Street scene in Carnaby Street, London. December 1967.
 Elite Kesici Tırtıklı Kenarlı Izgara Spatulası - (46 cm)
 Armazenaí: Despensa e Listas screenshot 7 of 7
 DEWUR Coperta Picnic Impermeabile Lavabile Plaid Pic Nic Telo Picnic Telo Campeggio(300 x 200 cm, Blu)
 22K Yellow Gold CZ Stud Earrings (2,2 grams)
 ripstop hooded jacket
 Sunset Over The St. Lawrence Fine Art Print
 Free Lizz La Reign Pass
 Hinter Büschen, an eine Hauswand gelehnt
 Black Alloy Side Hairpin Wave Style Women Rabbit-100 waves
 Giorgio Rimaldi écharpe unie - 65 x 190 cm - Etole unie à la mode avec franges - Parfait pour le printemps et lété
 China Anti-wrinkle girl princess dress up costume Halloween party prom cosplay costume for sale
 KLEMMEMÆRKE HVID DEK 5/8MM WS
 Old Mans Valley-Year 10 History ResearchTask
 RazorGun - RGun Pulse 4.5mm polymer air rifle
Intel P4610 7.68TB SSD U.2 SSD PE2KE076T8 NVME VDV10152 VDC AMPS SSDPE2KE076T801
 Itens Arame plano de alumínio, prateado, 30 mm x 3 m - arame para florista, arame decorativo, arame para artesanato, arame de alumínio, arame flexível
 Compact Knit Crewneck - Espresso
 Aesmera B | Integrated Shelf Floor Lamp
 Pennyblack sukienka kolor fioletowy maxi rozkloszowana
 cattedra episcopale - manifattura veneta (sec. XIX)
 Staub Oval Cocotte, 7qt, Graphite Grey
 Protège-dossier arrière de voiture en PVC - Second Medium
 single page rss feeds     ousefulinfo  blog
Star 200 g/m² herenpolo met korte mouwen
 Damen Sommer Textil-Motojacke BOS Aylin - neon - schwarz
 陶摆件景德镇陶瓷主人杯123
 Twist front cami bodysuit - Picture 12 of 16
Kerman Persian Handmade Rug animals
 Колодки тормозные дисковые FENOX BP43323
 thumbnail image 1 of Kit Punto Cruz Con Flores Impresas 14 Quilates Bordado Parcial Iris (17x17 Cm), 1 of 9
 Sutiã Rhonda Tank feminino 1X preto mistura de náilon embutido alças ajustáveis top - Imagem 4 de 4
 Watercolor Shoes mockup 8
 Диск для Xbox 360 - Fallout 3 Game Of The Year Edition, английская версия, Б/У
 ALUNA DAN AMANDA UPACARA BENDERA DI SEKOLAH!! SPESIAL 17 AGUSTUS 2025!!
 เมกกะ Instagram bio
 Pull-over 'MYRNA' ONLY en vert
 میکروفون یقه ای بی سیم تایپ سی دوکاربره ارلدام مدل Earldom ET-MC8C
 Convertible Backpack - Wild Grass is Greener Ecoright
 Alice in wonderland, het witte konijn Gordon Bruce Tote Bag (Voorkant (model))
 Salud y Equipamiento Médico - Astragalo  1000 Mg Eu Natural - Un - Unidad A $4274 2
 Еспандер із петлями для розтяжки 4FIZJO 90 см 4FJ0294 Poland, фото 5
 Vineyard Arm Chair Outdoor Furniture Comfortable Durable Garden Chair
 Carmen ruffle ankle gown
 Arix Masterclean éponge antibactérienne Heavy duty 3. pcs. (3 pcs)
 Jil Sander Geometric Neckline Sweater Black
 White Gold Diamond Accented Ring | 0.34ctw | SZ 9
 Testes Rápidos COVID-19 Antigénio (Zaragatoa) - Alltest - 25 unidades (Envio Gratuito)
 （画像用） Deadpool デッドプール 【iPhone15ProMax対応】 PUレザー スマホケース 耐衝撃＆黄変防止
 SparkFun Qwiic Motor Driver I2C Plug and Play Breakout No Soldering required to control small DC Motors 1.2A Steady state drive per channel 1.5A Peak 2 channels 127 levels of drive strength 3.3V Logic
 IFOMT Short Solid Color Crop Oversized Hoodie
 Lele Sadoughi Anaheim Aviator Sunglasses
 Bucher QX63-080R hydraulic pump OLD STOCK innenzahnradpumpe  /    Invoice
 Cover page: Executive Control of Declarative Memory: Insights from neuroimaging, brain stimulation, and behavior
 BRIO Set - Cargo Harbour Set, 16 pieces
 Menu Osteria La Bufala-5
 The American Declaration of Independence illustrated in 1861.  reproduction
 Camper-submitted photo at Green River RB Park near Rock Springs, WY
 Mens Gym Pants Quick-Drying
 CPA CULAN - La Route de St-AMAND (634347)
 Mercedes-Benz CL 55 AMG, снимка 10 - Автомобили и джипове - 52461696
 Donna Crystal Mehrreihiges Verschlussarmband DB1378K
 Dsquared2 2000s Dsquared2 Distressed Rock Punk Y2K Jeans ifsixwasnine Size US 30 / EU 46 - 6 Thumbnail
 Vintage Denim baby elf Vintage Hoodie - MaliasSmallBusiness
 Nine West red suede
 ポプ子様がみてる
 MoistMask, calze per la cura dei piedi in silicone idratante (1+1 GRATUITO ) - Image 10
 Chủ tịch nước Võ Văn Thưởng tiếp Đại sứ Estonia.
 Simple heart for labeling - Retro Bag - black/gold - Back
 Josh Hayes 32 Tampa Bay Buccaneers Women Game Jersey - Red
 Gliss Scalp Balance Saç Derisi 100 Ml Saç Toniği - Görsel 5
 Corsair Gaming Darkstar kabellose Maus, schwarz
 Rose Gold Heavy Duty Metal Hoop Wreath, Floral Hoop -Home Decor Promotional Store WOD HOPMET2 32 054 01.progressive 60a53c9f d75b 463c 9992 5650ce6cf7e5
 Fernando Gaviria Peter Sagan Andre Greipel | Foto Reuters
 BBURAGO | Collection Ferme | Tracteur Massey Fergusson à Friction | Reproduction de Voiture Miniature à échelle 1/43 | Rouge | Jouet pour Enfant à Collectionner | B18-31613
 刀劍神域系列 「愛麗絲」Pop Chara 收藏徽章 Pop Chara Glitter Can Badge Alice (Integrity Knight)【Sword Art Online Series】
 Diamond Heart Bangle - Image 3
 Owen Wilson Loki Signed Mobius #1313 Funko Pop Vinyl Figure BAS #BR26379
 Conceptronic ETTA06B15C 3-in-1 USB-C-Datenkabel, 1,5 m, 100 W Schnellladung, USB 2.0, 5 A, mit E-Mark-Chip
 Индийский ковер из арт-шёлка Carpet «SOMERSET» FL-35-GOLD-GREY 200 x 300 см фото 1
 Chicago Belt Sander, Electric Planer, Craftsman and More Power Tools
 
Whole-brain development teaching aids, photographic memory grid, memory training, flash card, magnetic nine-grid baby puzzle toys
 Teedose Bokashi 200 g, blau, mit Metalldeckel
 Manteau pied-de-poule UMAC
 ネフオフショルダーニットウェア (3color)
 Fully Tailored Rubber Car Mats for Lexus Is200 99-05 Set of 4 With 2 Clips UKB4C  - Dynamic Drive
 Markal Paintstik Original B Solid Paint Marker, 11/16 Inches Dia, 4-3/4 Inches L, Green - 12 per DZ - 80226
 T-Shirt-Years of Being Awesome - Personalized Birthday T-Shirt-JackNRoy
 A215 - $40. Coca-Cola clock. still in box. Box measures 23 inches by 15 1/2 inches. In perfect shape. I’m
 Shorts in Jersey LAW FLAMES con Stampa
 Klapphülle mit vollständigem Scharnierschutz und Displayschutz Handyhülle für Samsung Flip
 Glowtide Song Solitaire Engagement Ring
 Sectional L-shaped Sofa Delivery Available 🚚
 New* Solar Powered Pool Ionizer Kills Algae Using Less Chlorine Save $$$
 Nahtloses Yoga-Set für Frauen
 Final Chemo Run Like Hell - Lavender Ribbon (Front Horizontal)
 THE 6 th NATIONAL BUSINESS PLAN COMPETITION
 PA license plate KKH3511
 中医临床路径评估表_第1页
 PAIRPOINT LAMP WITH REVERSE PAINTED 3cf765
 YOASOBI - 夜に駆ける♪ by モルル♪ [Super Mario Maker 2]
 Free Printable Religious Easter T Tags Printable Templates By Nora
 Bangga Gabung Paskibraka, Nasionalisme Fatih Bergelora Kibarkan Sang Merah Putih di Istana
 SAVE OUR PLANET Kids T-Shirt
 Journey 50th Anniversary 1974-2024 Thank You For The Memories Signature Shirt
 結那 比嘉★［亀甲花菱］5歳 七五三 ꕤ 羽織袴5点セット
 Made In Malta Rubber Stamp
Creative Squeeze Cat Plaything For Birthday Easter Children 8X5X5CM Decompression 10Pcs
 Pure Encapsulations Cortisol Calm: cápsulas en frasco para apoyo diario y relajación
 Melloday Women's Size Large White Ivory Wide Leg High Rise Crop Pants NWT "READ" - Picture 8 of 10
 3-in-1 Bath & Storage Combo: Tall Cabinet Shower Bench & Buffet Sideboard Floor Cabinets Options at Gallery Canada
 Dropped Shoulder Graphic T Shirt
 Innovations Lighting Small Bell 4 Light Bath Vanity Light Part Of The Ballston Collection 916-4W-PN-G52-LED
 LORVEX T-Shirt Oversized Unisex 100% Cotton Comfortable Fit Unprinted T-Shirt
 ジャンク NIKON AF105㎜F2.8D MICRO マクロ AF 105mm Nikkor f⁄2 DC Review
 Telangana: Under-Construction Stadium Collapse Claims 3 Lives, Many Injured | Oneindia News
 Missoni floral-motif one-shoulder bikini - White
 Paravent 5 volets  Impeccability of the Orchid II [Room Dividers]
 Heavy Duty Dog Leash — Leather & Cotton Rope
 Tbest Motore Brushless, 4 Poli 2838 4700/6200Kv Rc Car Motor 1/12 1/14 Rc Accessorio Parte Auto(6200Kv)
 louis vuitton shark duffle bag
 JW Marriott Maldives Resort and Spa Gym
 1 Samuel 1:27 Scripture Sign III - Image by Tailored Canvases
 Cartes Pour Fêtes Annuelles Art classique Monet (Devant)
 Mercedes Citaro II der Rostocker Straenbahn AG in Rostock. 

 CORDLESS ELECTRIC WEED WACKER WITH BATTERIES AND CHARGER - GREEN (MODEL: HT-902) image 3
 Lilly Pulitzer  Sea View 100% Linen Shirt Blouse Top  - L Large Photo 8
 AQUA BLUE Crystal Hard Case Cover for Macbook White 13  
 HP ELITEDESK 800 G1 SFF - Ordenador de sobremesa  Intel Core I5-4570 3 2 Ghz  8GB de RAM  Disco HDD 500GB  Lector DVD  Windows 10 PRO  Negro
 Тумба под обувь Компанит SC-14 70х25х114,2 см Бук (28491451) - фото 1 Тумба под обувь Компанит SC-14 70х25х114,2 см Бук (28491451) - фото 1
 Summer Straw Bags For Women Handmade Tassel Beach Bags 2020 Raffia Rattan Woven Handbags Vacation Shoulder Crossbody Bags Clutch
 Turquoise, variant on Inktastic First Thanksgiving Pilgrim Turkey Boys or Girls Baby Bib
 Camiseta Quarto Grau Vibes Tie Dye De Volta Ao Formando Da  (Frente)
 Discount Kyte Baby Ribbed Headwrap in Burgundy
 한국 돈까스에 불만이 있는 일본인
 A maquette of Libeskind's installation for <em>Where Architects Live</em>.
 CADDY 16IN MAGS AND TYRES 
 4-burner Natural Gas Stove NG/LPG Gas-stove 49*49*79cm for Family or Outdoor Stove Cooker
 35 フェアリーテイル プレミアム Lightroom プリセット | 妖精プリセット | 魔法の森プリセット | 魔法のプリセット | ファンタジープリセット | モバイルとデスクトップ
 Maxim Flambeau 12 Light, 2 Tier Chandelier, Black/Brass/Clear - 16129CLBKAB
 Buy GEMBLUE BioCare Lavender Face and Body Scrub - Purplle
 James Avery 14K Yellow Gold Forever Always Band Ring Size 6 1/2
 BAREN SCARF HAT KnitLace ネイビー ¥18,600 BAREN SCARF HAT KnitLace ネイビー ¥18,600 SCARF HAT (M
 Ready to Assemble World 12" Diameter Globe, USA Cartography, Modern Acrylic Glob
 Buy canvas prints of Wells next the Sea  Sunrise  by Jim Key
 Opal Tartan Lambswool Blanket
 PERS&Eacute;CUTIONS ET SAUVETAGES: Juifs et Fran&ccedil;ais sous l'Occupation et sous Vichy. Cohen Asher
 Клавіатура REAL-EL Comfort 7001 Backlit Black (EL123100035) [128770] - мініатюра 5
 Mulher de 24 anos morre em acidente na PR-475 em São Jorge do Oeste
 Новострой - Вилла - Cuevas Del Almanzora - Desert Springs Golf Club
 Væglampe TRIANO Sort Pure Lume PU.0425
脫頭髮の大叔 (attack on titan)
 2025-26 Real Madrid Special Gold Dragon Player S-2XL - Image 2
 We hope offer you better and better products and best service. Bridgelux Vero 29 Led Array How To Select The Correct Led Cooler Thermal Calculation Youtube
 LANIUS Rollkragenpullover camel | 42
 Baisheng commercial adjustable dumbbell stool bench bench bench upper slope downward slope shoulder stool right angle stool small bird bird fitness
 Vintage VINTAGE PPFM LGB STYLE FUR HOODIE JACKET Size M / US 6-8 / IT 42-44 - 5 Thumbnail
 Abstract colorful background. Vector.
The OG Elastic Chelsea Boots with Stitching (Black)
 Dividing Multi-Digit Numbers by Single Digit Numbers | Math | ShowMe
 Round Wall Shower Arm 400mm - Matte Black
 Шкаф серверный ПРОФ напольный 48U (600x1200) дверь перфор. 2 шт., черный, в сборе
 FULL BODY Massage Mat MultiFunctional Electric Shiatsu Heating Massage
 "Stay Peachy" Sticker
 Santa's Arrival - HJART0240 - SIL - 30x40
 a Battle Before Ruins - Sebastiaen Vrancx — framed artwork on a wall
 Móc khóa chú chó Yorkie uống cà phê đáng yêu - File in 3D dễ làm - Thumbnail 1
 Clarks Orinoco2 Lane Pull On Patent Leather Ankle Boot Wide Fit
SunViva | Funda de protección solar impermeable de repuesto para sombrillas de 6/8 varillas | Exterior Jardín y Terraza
######
§ Required work:
Look back at the entries above and repeat, unchanged, every line from the line holding "Еспандер із петлями" through the line holding "White Gold Diamond".

§ Answer below:
 Еспандер із петлями для розтяжки 4FIZJO 90 см 4FJ0294 Poland, фото 5
 Vineyard Arm Chair Outdoor Furniture Comfortable Durable Garden Chair
 Carmen ruffle ankle gown
 Arix Masterclean éponge antibactérienne Heavy duty 3. pcs. (3 pcs)
 Jil Sander Geometric Neckline Sweater Black
 White Gold Diamond Accented Ring | 0.34ctw | SZ 9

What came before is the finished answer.